(Beginning of SUPPLIED DATA)
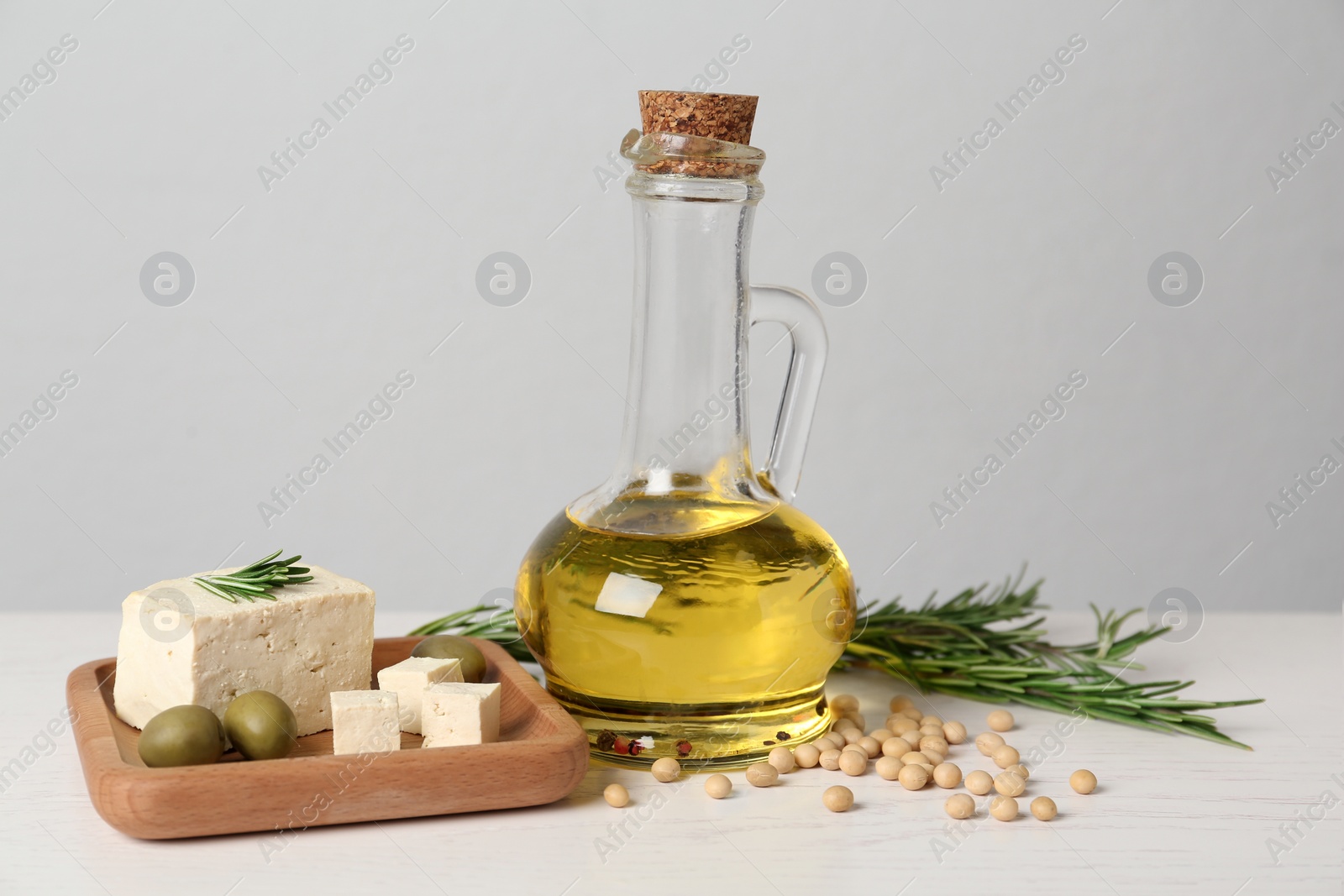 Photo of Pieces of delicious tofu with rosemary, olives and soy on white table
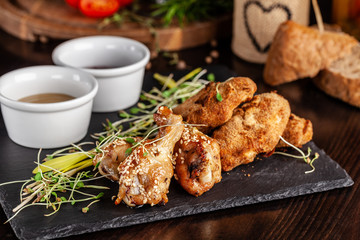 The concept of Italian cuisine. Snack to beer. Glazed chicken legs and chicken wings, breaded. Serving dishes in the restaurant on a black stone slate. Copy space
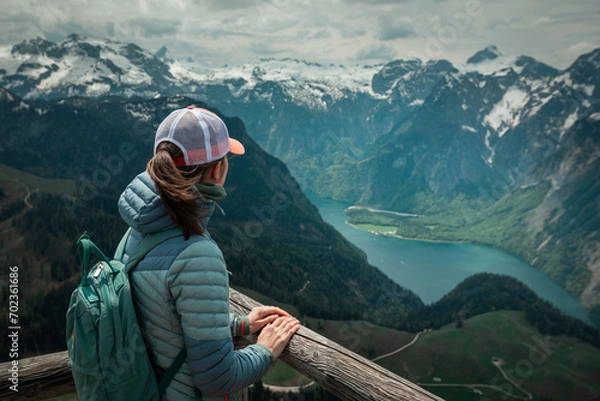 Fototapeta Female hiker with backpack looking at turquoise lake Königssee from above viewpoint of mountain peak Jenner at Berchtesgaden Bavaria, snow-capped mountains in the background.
(End of SUPPLIED DATA)
The data should be printed again unchanged; leave its pictures out.

RESPONSE AREA:
 Photo of Pieces of delicious tofu with rosemary, olives and soy on white table
 The concept of Italian cuisine. Snack to beer. Glazed chicken legs and chicken wings, breaded. Serving dishes in the restaurant on a black stone slate. Copy space
 Fototapeta Female hiker with backpack looking at turquoise lake Königssee from above viewpoint of mountain peak Jenner at Berchtesgaden Bavaria, snow-capped mountains in the background.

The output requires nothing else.